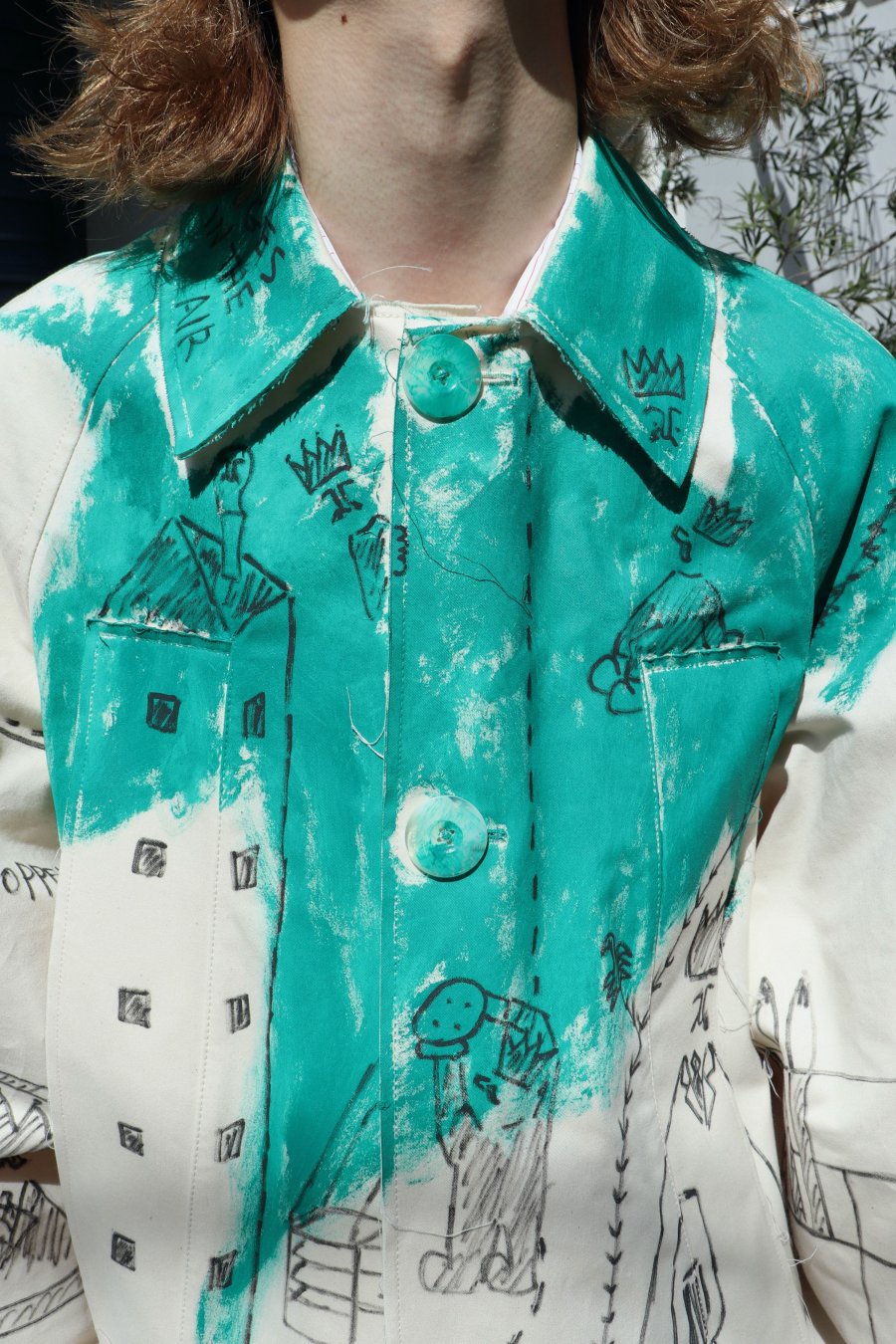 SHINYAKOZUKA FABLE MAC WITH DRAWING袖丈74cm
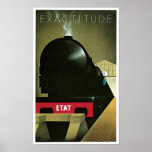 Poster del ferrocarril de la exactitud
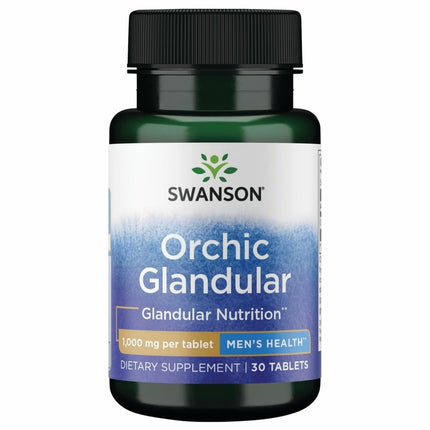 Swanson Orchic Glandular - Men's Health 1 gm 30 Tabs (3 Pack)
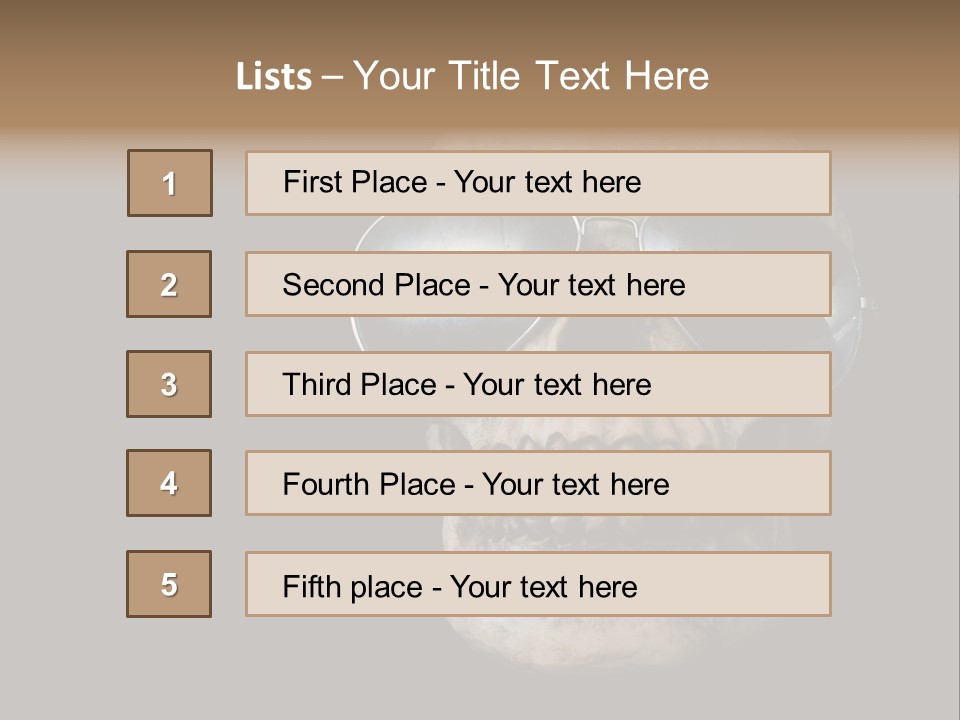 Bone Scary Face PowerPoint Template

● **TASK TO CARRY OUT**
Your answer should hold only the lines from the one with "Poster del ferrocarril de la exactitud" through the final line of the listing above, transcribed exactly and without pictures.

● **EXPECTED OUTPUT**
 Poster del ferrocarril de la exactitud
 Swanson Orchic Glandular - Men's Health 1 gm 30 Tabs (3 Pack)
 Bone Scary Face PowerPoint Template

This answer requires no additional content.